-- Work instructions --
The lines below, from the one holding "ZORAST ソーラーライト 屋外" through the one holding "Handball DAIKIN HBL, SC", are to be restated word for word, with all images left out.

━━━ Available data ━━━

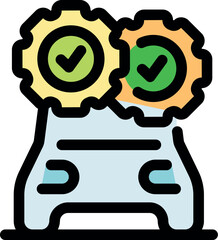 Gears with check marks symbolize successful car maintenance, ensuring smooth operation and reliability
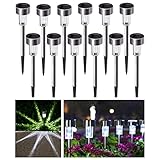 ZORAST ソーラーライト 屋外 IP65 防水 LED ガーデンライト 12個セット 屋外照明 自動点/消灯 白色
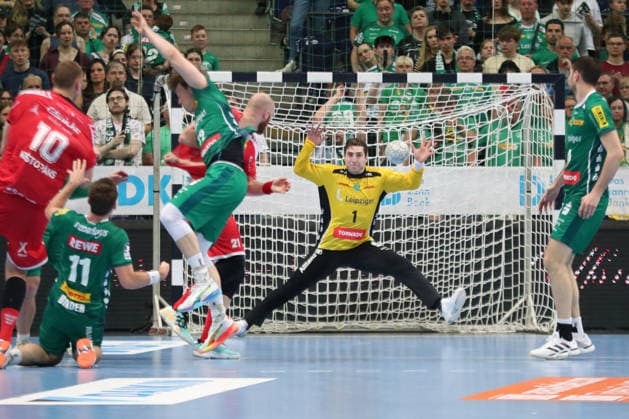 Handball DAIKIN HBL, SC DHfK Leipzig MT Melsungen 21 05 2026 Goalkeeper Domenico Ebner 1, SC DHfK Leipzig with a save Handball, DAIKIN HBL, 1 Bundesliga, Season 2025 2026, Matchday 32 SC DHfK Leipzig vs MT Melsungen on 21 05 2026 at Quarterback Immobilien Arena Leipzig Copyright: xBEAUTIFULxSPORTS JanxKaeferx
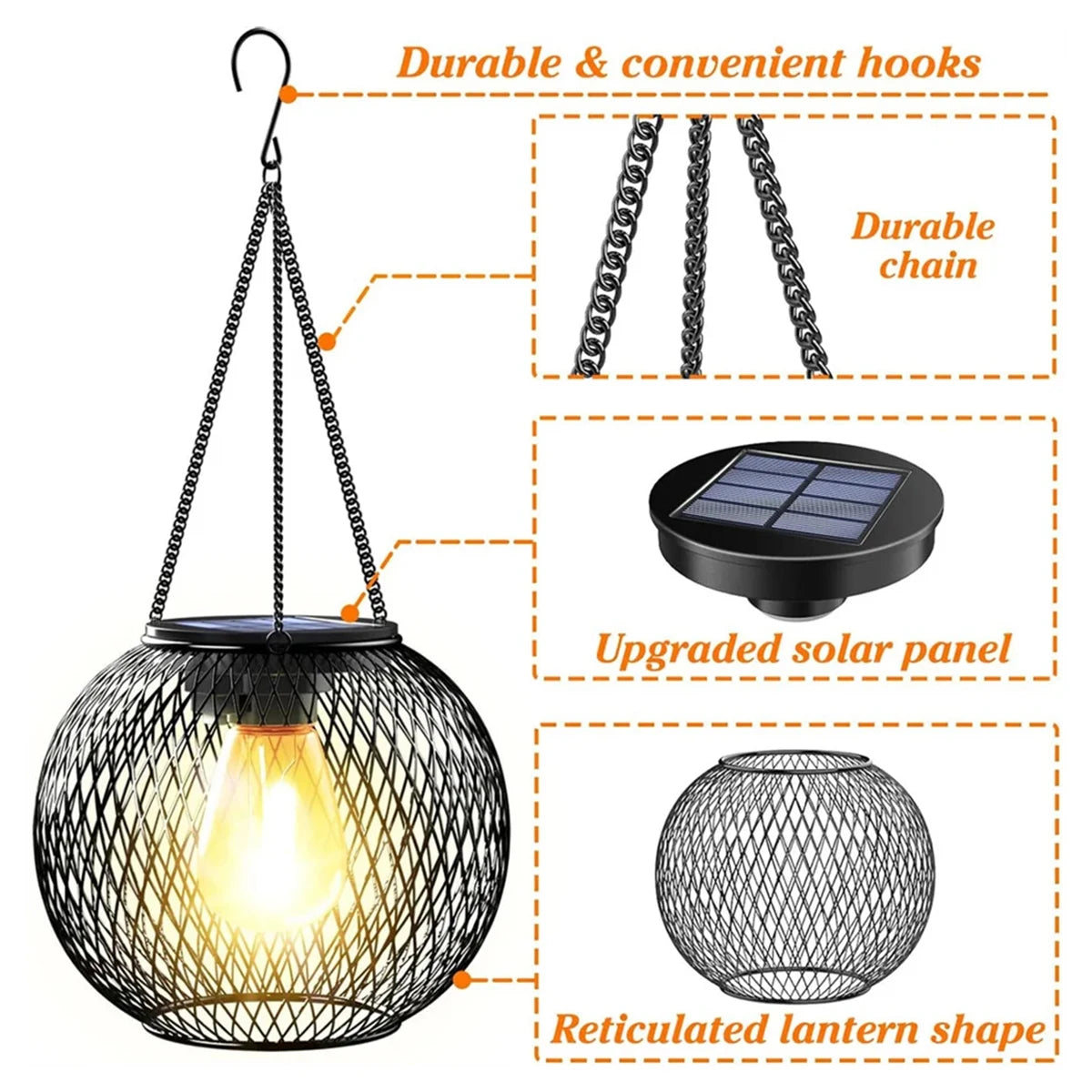 Solar Lantern Led Light Daylight Sensor Garden Lamps Lights Outdoor Waterproof 3000k Landscape Iron-art With Durable Chain Decor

━━━

-- Response area --
 ZORAST ソーラーライト 屋外 IP65 防水 LED ガーデンライト 12個セット 屋外照明 自動点/消灯 白色
 Handball DAIKIN HBL, SC DHfK Leipzig MT Melsungen 21 05 2026 Goalkeeper Domenico Ebner 1, SC DHfK Leipzig with a save Handball, DAIKIN HBL, 1 Bundesliga, Season 2025 2026, Matchday 32 SC DHfK Leipzig vs MT Melsungen on 21 05 2026 at Quarterback Immobilien Arena Leipzig Copyright: xBEAUTIFULxSPORTS JanxKaeferx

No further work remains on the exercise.